The entire term of this Agreement will constitute a single adjustment
period for all purposes of this Article. If the adjustment period becomes less
than three years, whether due to cancellation of this Agreement, cancellation
of an individual Reinsurer's participation, or inception of an individual
Reinsurer's participation at a date when the adjustment period is already
in progress, such shortened adjustment period will be subject to adjustment as
if it were the complete adjustment period.
The first computation of contingent profit commission as respects the
adjustment period will include only the first year within the period, and will
be computed and a statement forwarded to the Reinsurers 36 months after the
inception of the adjustment period. Upon verification of amount due, the
Reinsurers will immediately pay the Company.
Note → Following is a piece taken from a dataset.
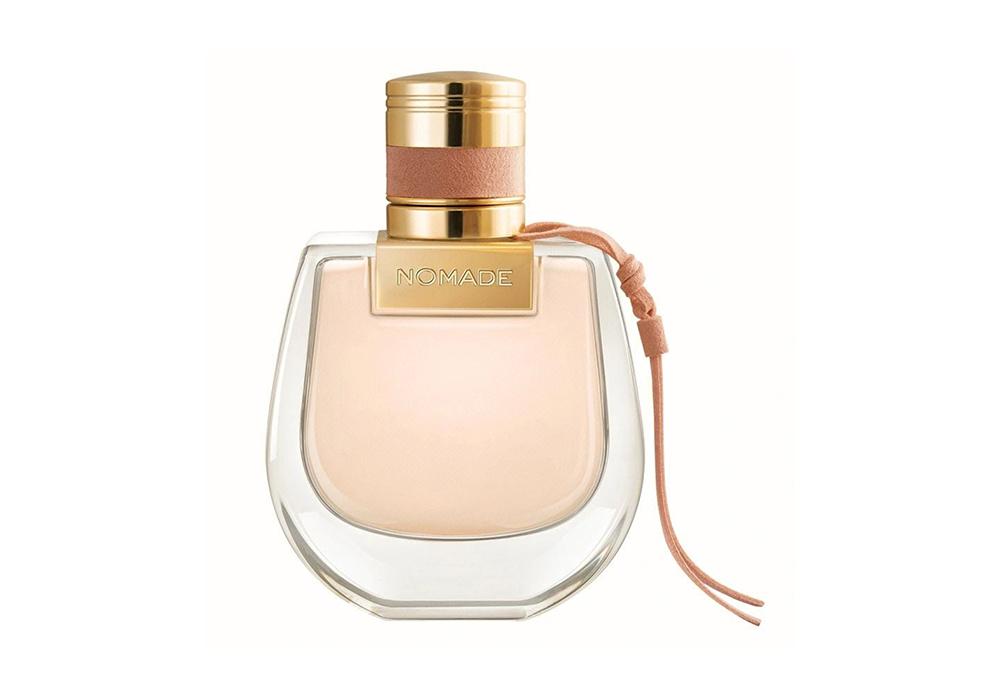 科蒂们打响品牌抢夺战？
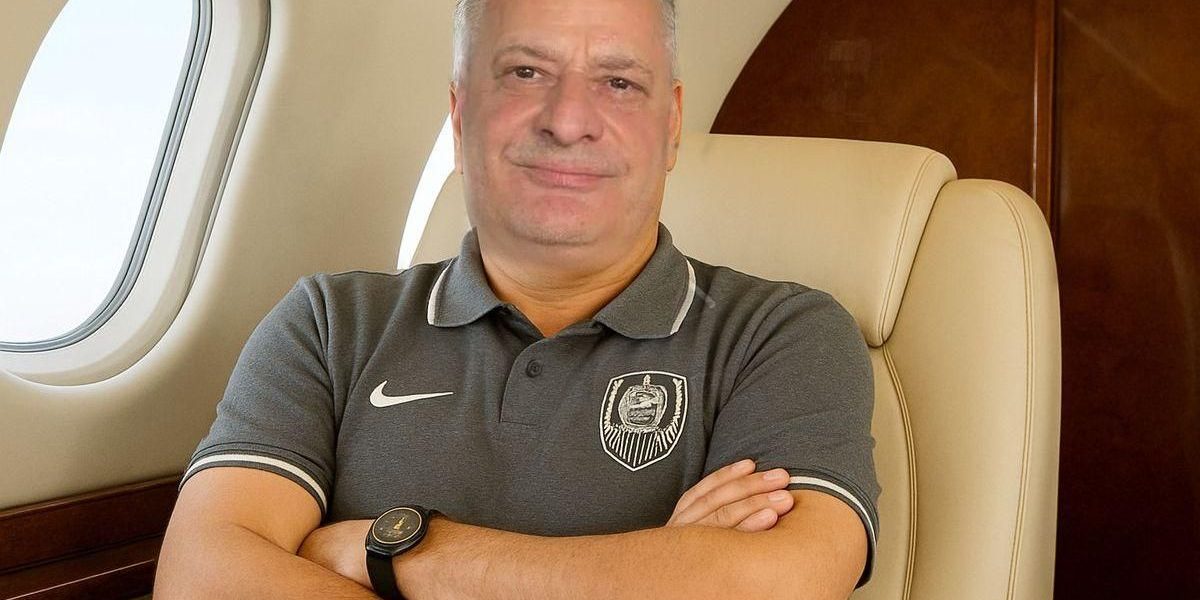 ioan-varga.jpg - ReactMedia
The first recomputation,
including the first and second years within the adjustment period, and the
second recomputation, including all three years within the adjustment period,
will be computed 48 and 60 months after the inception of the adjustment period,
respectively. Annual recomputations will continue to be made thereafter until
all losses affecting this Agreement are fully settled and/or all liability is
discharged and all premium is earned, when a final computation will be
determined; cancellation of this Agreement will have no affect on the said
annual recomputations. The debtor party will pay the other party whatever
amount, if any, is due as a result of each recomputation.
Should this Agreement be canceled on a cut-off basis, only the premium
earned and the claims made during the period will be considered in the
computations for the adjustment period; notwithstanding the foregoing, losses
associated with extended reporting coverages in effect at the time of
cancellation will continue to be taken into account in the computations, as
will the premium therefor.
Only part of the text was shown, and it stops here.